We all know that parenting is difficult. We put crazy expectations on ourselves to serve healthy food, to limit TV, to spend quality time with our shorties (not in front of the TV). We have to make sure they have toys (but not too many or they might get spoiled), clothes, regular doctor’s appointments, healthy boundaries, and self esteem (but not too much or we may turn them into narcissists). It’s enough to make the average parent’s head explode if you think about it too much. It’s enough pressure to drive even the most balanced among us to drink.
I’m learning to take my parenting in bite-sized pieces, it’s the only way I can swallow it without choking. Since I can’t drink or do insane amounts of blow because, apparently, cocaine is also off limits -yeah, whatever, I’m finding that the thing that keeps me sane is lowering my expectations.
Yesterday I provided organic chicken and a buttload of veggies for the kids to eat. The day before that I bought Elby another pair of shoes since her feet are growing faster than Brangelina’s family. Today I plan to take Elby to get a frozen yogurt after school cause I’ve got those kind of parenting chops! Last night I played “open the door” “close the door” with Mattie and Sadie for fifteen minutes straight – completely sober! And then I gave myself a huge pat on the back.
Really, if you set your standards a little lower, you may end up surprising yourself with your competence. Where I used to be gripped with anxiety over all the things I wasn’t doing, I’m now able to sit back and know that although my kids are zoning out watching Diego for the fifth time in one day, they are also madly loved and cared for to the best of my ability. Is it possible that my new found bliss has a lot to do with my twins approaching the more do-able age of two? Sure, anything’s possible, but I prefer to believe I’m just becoming more evolved.
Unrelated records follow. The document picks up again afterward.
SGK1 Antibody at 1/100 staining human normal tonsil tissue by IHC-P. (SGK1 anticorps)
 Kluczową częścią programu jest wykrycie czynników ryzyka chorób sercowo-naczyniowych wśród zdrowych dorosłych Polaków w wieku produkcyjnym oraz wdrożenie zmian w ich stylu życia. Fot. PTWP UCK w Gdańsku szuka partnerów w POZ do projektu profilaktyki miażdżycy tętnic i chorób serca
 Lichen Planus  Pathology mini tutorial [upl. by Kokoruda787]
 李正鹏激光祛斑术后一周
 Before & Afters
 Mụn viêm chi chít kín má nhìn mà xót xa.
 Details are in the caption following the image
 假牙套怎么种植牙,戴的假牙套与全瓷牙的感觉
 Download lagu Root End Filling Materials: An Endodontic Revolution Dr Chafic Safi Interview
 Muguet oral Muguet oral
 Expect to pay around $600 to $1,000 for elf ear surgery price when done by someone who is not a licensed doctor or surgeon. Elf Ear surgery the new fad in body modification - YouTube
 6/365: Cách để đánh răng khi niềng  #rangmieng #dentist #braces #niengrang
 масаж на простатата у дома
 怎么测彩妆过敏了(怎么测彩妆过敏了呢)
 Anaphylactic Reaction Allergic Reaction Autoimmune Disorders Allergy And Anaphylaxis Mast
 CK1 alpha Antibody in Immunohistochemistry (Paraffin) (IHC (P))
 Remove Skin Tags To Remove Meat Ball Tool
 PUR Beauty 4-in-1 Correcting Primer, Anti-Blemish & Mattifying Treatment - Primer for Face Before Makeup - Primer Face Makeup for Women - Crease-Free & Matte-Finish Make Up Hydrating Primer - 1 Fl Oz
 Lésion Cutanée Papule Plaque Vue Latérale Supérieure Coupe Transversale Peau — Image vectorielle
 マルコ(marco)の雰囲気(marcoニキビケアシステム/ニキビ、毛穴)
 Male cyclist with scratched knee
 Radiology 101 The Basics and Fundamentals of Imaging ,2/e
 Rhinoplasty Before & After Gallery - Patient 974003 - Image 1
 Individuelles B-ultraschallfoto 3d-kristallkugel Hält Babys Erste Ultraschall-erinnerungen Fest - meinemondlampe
Last night Elby was having trouble getting to sleep. Jon and I were lying on the couch watching Mad Men like everyone else with decent taste in TV programming, but we had to pause it every few minutes when Elby came padding down the hall to report her latest disaster.
Elby: I need to tell you something. (long pause) My pillow fell.
Me: Okaaay. Can you pick it up?
Elby: No. I need daddy to help me.
ten minutes later…
Elby: I need to tell you something. I smell dumplings.
Jon: Here eat one and go on back to bed.
Elby: Okay. But I need to tell you something. Can you also save me one for my lunch tomorrow?
ten minutes later…
Elby: I really need to tell you something. Do you know what happened to the spider that was in the bathtub yesterday?
Me: Don’t you mean I need to ask you something?
At 10 p.m. we hadn’t heard from her in over an hour so assuming she was sleeping I poked my head in her room to make sure. I found her laying in bed eyes wide open staring at the ceiling. Her Burl Ives story CD had been restarted for the third time. I walked over to her bed, looked down at her and whispered, “You having trouble sleeping, bug?” She nodded.
“You can sit with me if you want to, mommy.” So, I sat down on the edge of her bed and rubbed her back. “Do you want to lay in my bed with me for a few minutes?” she asked so sweetly.
I snuggled next to her and stroked her hair which smelled of Suave mango shampoo from a fairly recent hair washing. In less than five minutes her eyes closed, her breathing slowed and she was fast asleep. I layed there with her for another ten minutes taken aback by a wave of emotion for this beautiful, smart, perfect little creature that only came out of my body less than five years ago. I felt honored to be the person with whom she feels safe enough to shut her eyes and drift off to her dreams. I hope I’ve earned it.
This is why parenting is hard. It’s so hard because the rewards are so great.
I’m glad I don’t drink because I would’ve missed that.